I can imagine that his disciples, his inner circle, never quite knew what to expect when an audience drew near. He might heal on the Sabbath, breaking the rules, or claim to have authority like King David. He’d controversially touch lepers and hang out with women with bad reputations. Occasionally he’d even overturn the tables in the temple.
Many of his followers thought he was trying to pick a fight. And they were all in. They loved it. They were insurgents. They couldn’t wait to go to war. And when they found out this wasn’t the goal they were heart broken. They thought they were starting an alternative kingdom. A lateral move. A course readjustment, when in fact, Jesus was calling for something entirely new. Not just revolution, but evolution. New wine. And it was still fermenting. Expanding. And the old ways were going to burst, like old, cracked wineskins.

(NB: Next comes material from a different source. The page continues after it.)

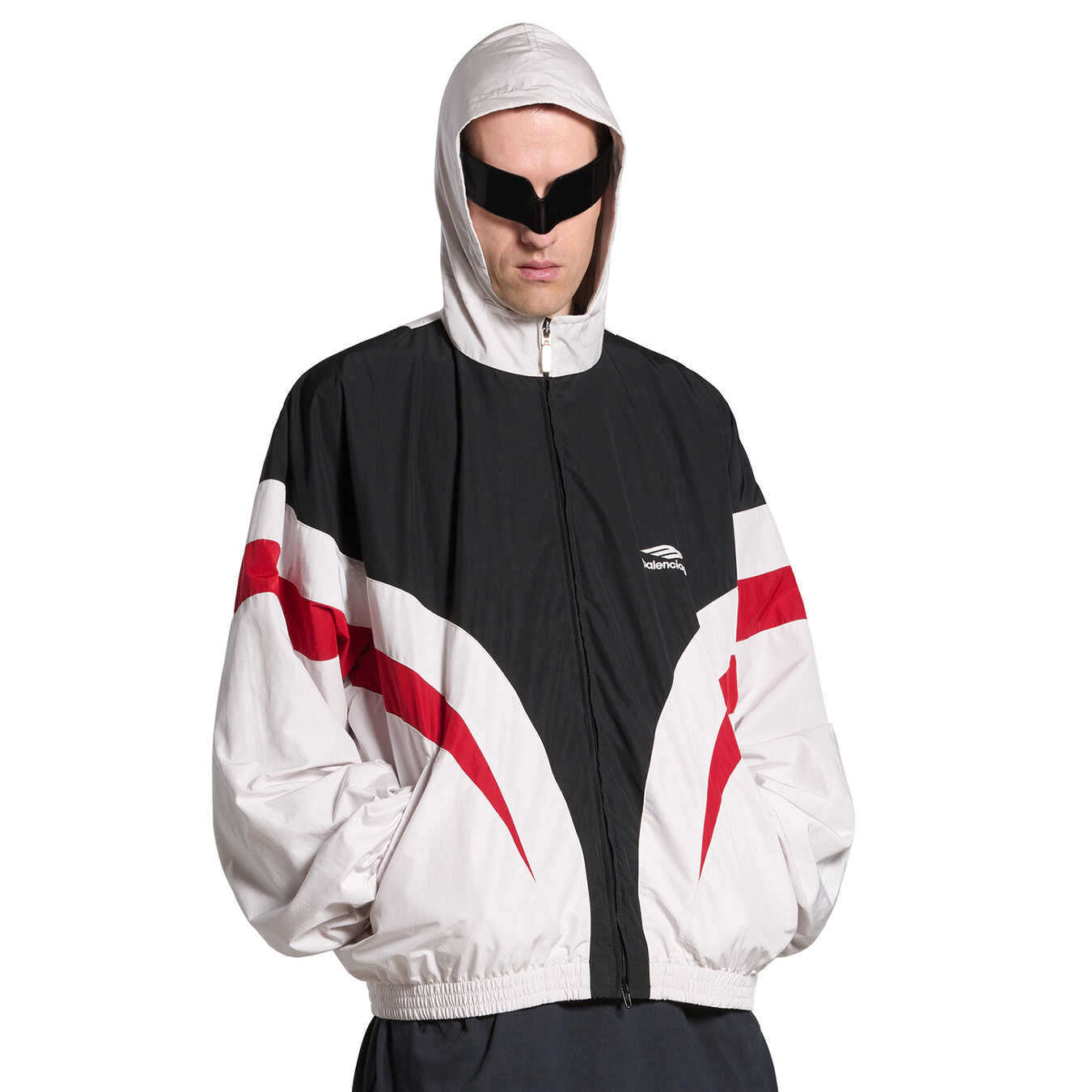 NIGO Balenciaga 3B Sports Icon Tracksuit Men's Spring Autumn Tech Poplin Zip Hooded Jacket #nigo99545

Jesus preached a new kingdom, an eternal one. It wasn’t one to be pursued. No, instead it was coming towards you. It was drawing near. The questions was, would you open up to it? Would you trust it? Surrender to it? Let it have its way?
This kingdom begins in the heart. That is soil where the kingdom is planted and grows. And it expands outward. It pours out like wine. It shines like light through the cracks. It grows like a tree. And the fruit of this kingdom is deeply generous. It is filled with peace. It is gentle but filled with courage.
It leads with weakness instead of strength. The leaders serve. The greatest seek to remain at the margins and not vie for attention at the center. In other words, this kingdom is backwards. It is upside down. If it isn’t right, it is foolishness. If it isn’t true, it is absurd.
Jesus says blessed are the hungry. The unsatisfied. The ones who are suffering. Why, because in their discontent, they are looking for more. In their craving, they just might see past the illusions of worldly contentment and notice the fact that their hearts are longing for something more. Something more than ‘likes’ and staying forever young. Something more permanent than a moment of snapchat glory. Something solid. Something that will last.
According to Jesus, the ones to be pitied are those that are full and content. Those of us that are comfortable. Who have a little extra put aside for a rainy day. Who have found a comfortable rhythm and are slowing growing numb to the fact that our lives are meant for so much more.
Because the kingdom is continuing to expand. And today, it can feel like the church is as invested in worldly comfort as anyone. Maybe even more so. It feels like we’ve lost our way. And instead of going to war, we need to expand. To evolve. To grow.
And this growth must be towards generosity. Towards compassion. We must see our world’s problems as our own. We must respond in compassion. This is the kingdom. This is the challenge. This is the invitation.
As we study these words, my prayer is that the old ways in me can soften. That my heart will not resist, but grow. That I’m willing to yield control and comfort for the sake of others in need. And trust the fact that a meaningful life is not something we grasp today, but invest in for tomorrow.